Without any pictures, reproduce exactly the lines running from the line containing "Kulturminister Hoang Tuan" through the end of the entries.

[Short descriptive text snippets]
▼
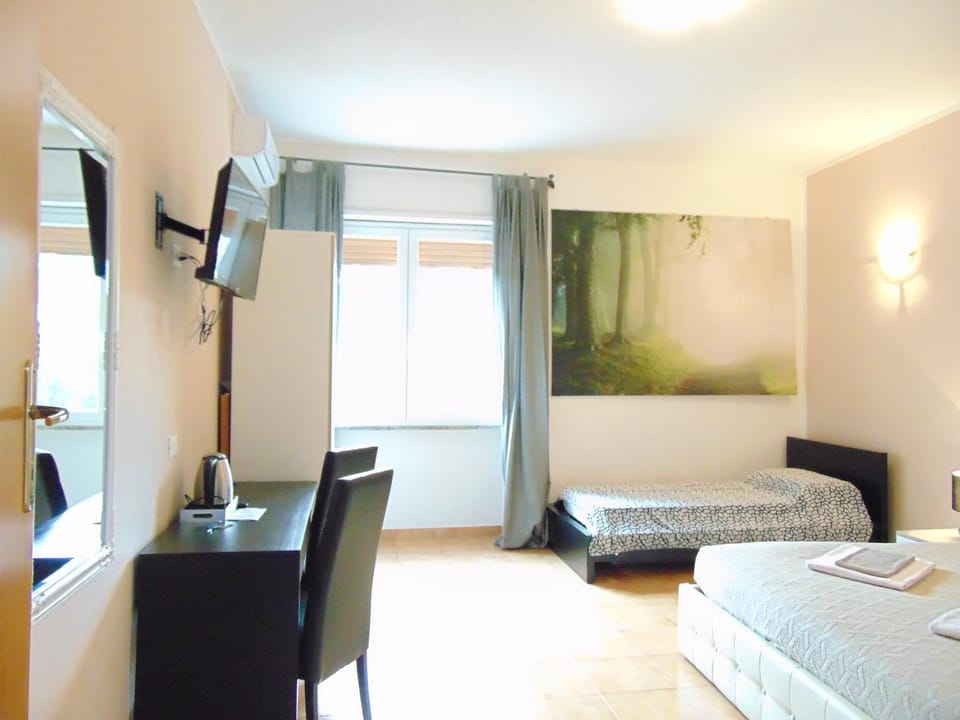 Photo of the whole room, Street view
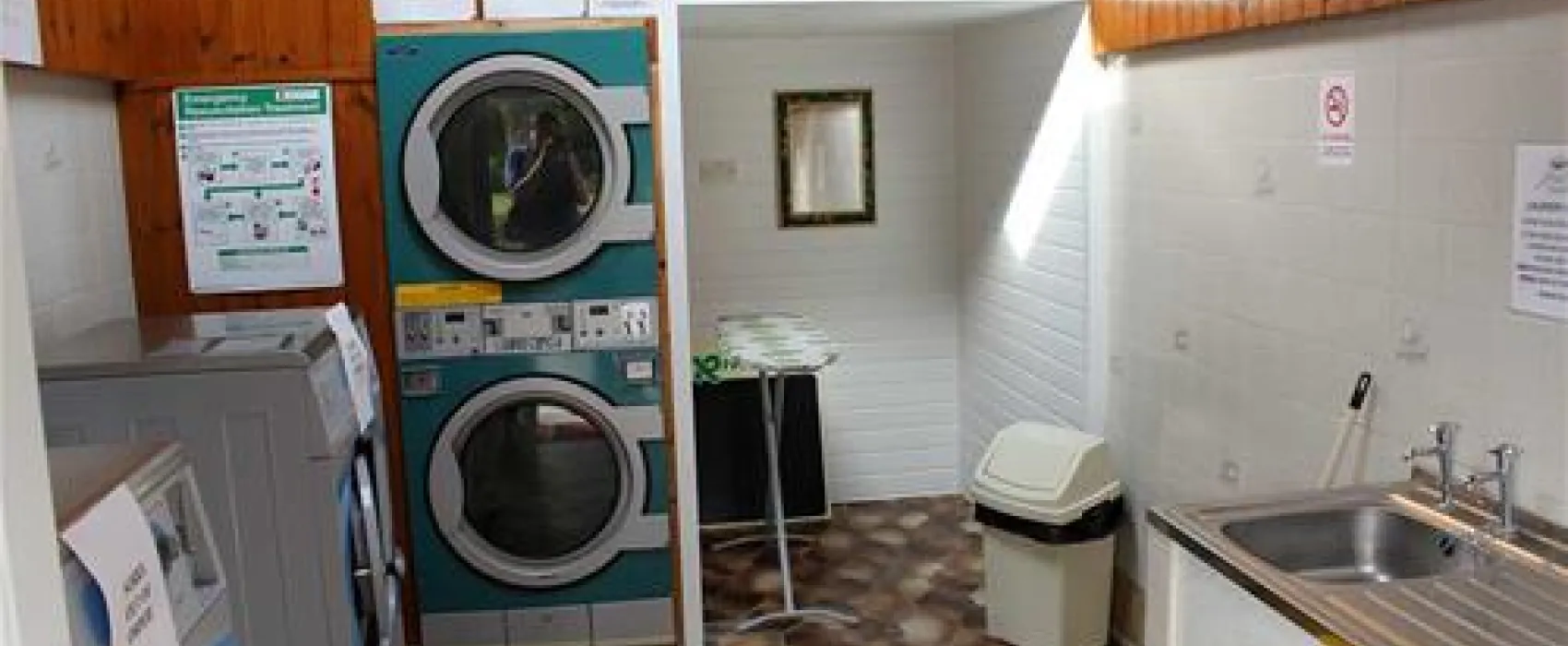 Riverside Caravan Park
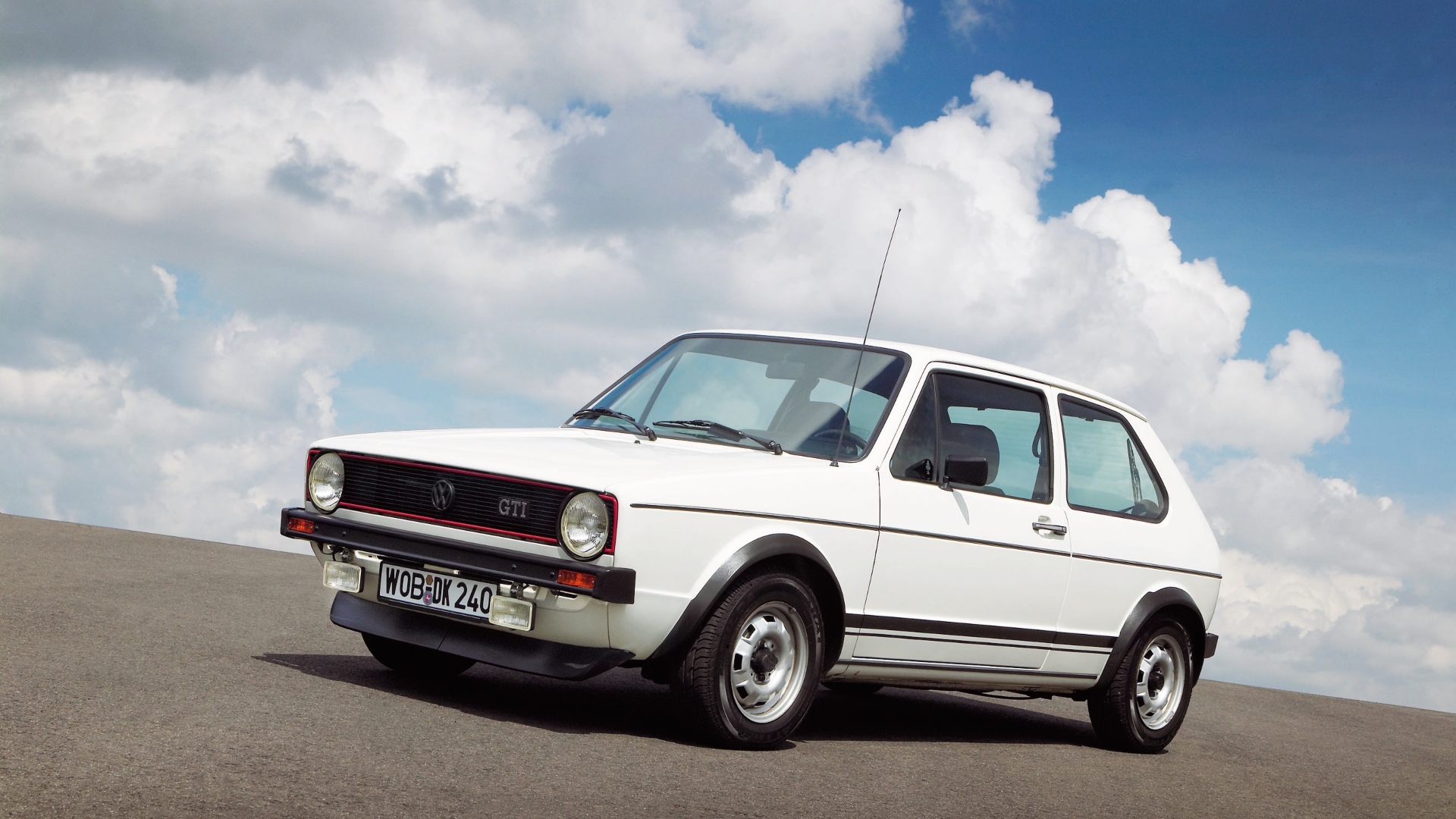 Exterior: Stationary, Golf GTI 1976 Exterior: Stationary, Golf GTI 1976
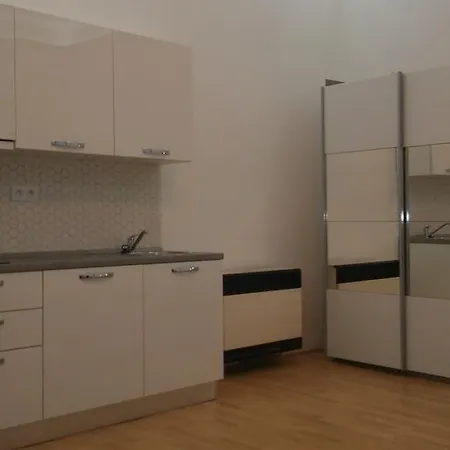 Reznicka 3 Prague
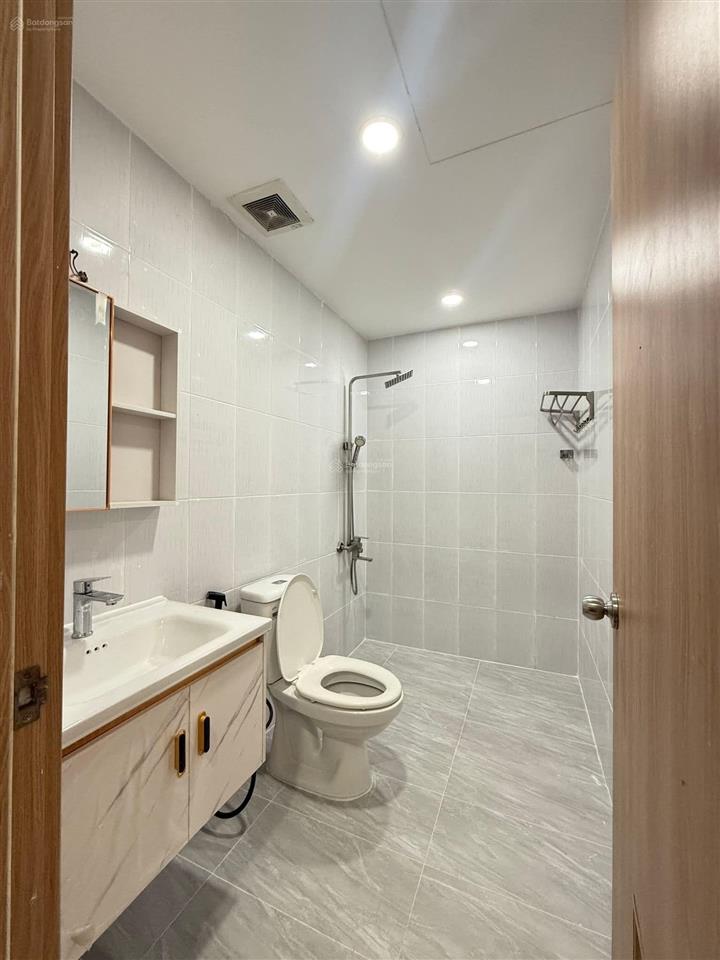 Bán căn hộ jamona city đào trí full nội thất, view thoáng tầng cao dt 73 m2 2 pn 2wc sổ hồng riêng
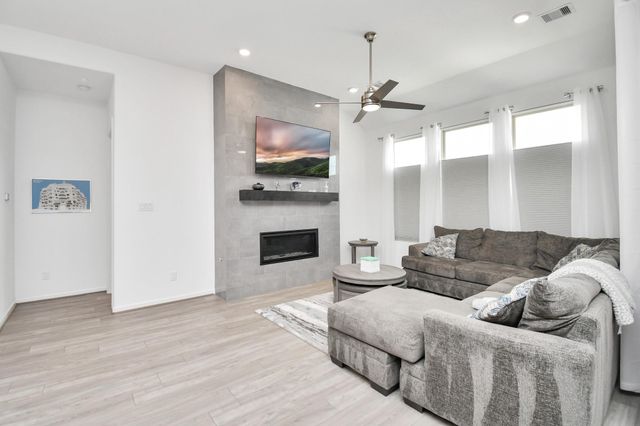 1354 Knollbridge Point Lane, Pinehurst, TX 77362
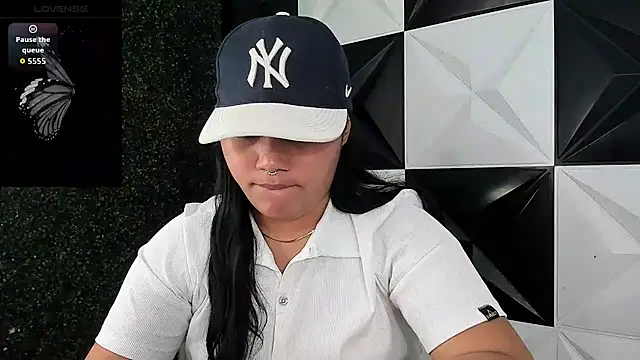 Snapshot of melany_rouse18 chatting on 03/08/26, 02:48 melany rouse18 online show from 03/08/26, 02:48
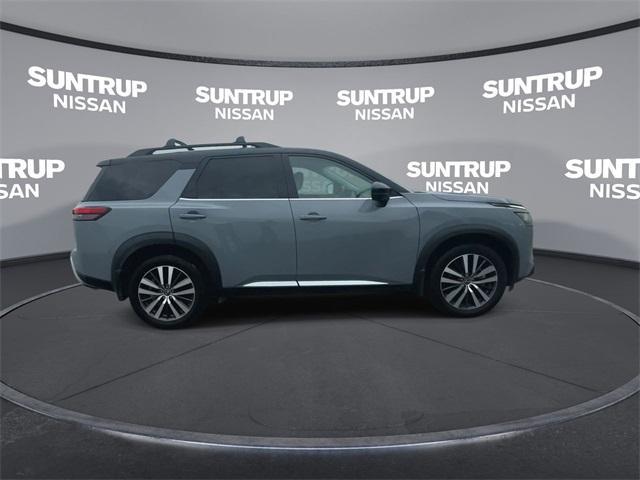 used 2022 Nissan Pathfinder car, priced at $35,855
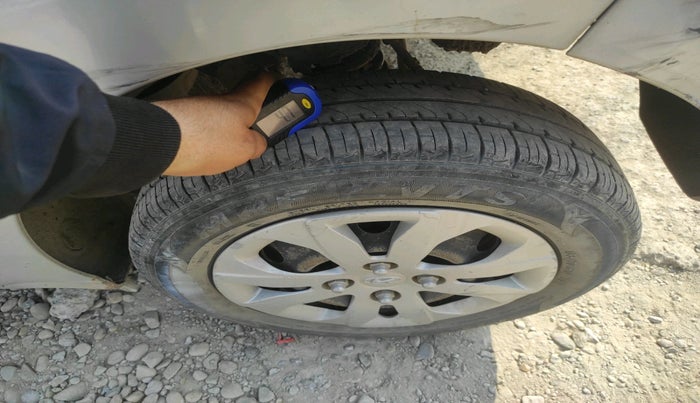 2015 Hyundai Eon MAGNA +, Petrol, Manual, 1,00,981 km, tyre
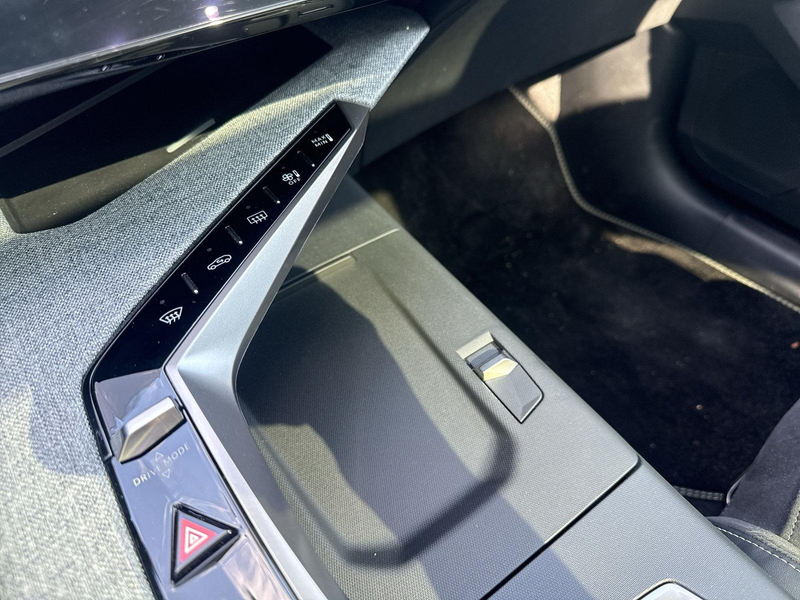 Peugeot 5008 Hybrid 145 GT — photo 18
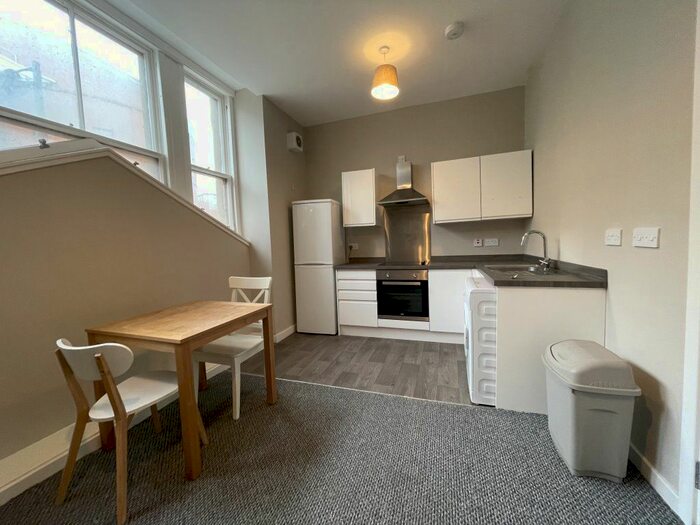 2 Bedroom Flat To Rent In West Bell Street, Dundee, DD1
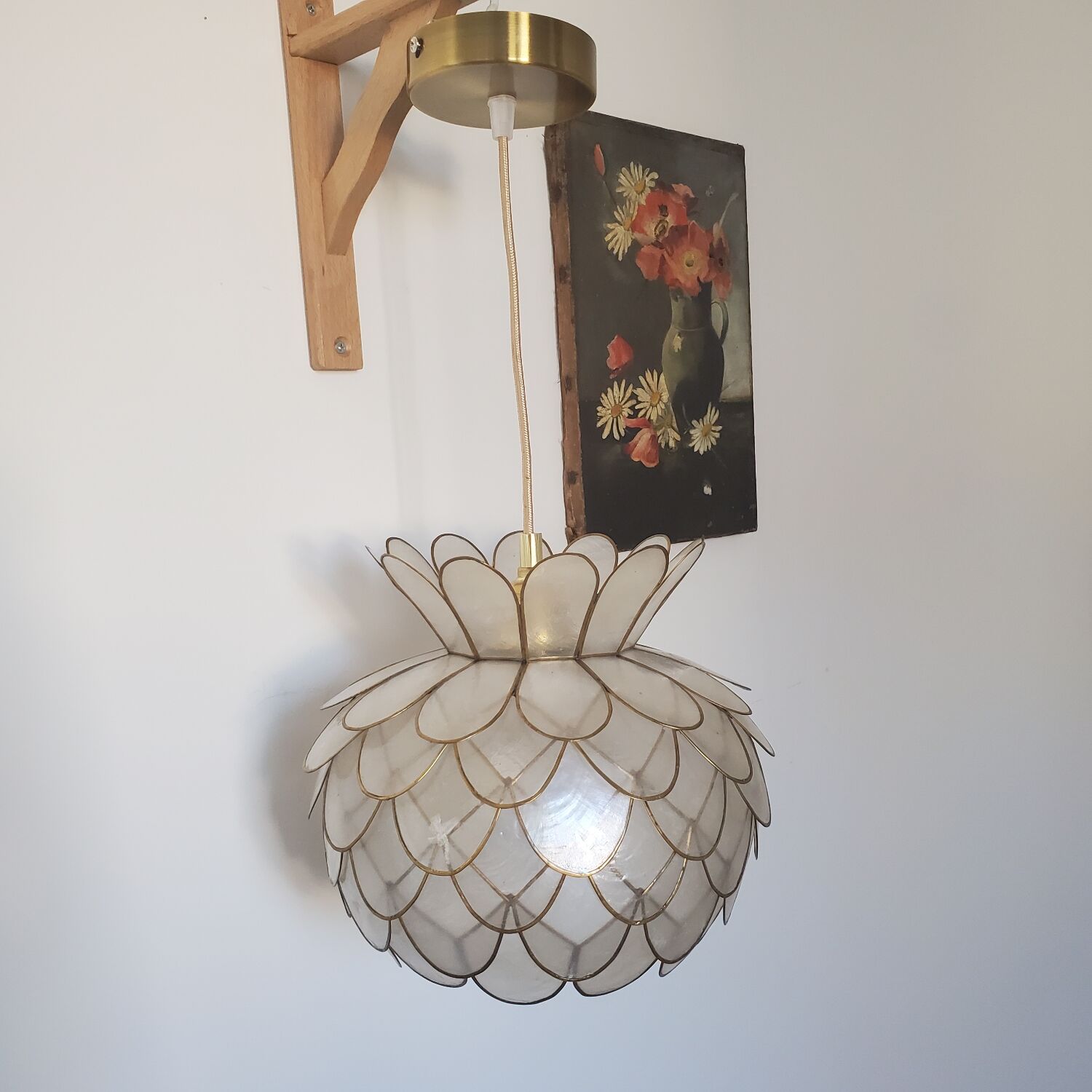 Lotus flower suspension in mother-of-pearl and brass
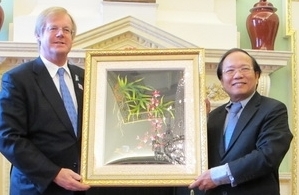 Kulturminister Hoang Tuan Anh triftt Bürgermeister der City of London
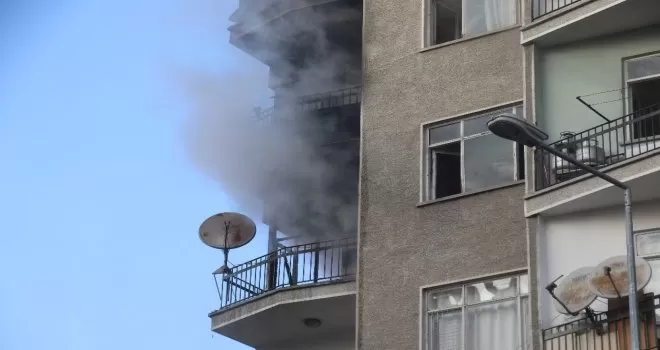 Başkent’te 9 katlı binada yangın
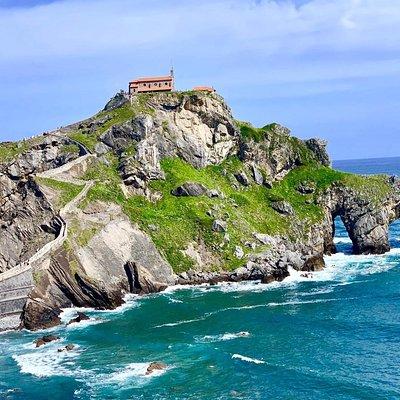 Gaztelugatxe, Mundaka and Gernika Tour from Bilbao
▲
-- ANSWER SPACE --
 Kulturminister Hoang Tuan Anh triftt Bürgermeister der City of London
 Başkent’te 9 katlı binada yangın
 Gaztelugatxe, Mundaka and Gernika Tour from Bilbao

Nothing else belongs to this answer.